Coordinating across agency lines of responsibility is nothing novel. We have interagency task forces that address the range of societal challenges, including homelessness and mental health. The question is how effectively do these efforts work?

Are we using the most effective tools to assess user experience and feed this information back into the service-delivery development loop to enhance future efforts? Are our coordination efforts truly successful in leveraging available resources to achieve the goal?

Longevity can suggest that an approach has withstood the test of time and that a workable model exists. Alternatively, longevity might indicate that inertia has set in; that no effort has been made to assess whether ongoing efforts are effective. User feedback allows differentiating between the two.

Having timely access to information allows agencies to be at the top of their game in coordinating and integrating service delivery. Today’s toolbox, available courtesy of the digital revolution, allows accomplishing in hours what here-to-fore required months of data gathering and analysis.

Effective use of technology greatly facilitates inter-agency collaboration and coordination.
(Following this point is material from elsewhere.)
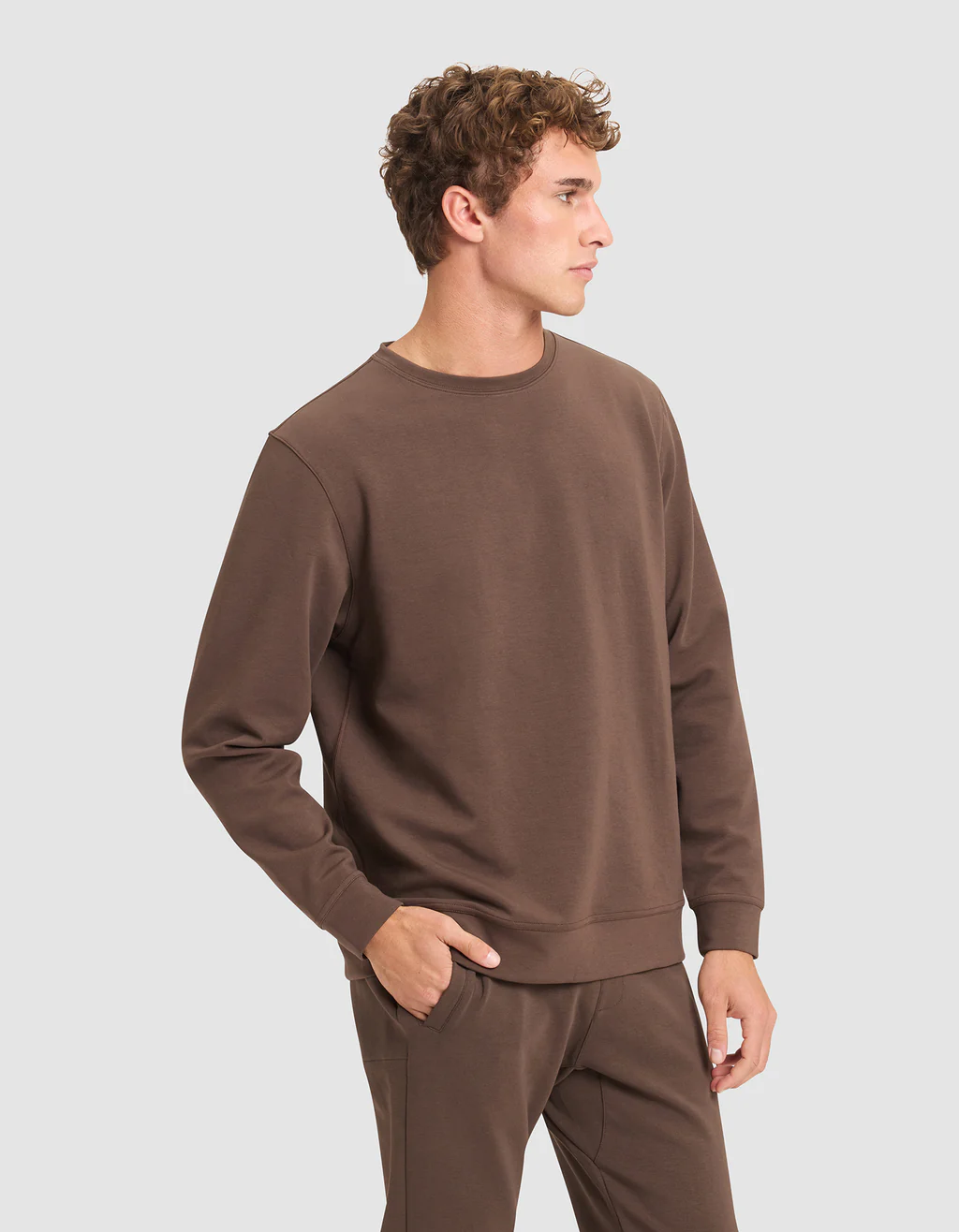 Men's StretchTech Crewneck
Developing programs that gather, analyze data and evidence outcomes was formerly the domain of software specialists. Now, there are numerous computer and mobile applications that offer these capabilities. Information can be aggregated and extracted across data platforms that give new meaning to questions. Historical data can be reconfigured to provide answers for decision making. Data management applications allow sharing and integrating information to provide real-time guidance on actions needed to address situational demands.

Technology and data management can be applied in a manner that among other things eliminates the need for office visits to register for government services; complete license and registration requirements; identify resources that can be leveraged for development or business growth; and eliminate the use of return mail services to receive stamped records of tax filing.
These resources are available and can change the way things get done. It does require being open to that change. Use of these tools will also reorient how we manage, operate and view roles and responsibilities.

In the business sector there is an increasing emphasis on cross-departmental collaboration and the use of technology platforms for upping a company’s competitive position.

Marketing, which has the responsibility of attracting consumer interest, can share information with product development to ensure the offered product is useful and has the needed attributes. Distribution makes the product available when needed. Working together, and using technology facilitates the timely sharing of information. Production, marketing and distribution are brought together in a collaborative effort to achieve a desired outcome.

When government agencies work similarly, the public good is advanced and the community becomes a more attractive and competitive entity.

Coordination does not diminish the role of any one agency but places the emphasis where it should be, addressing the needs of the community in the most efficient manner.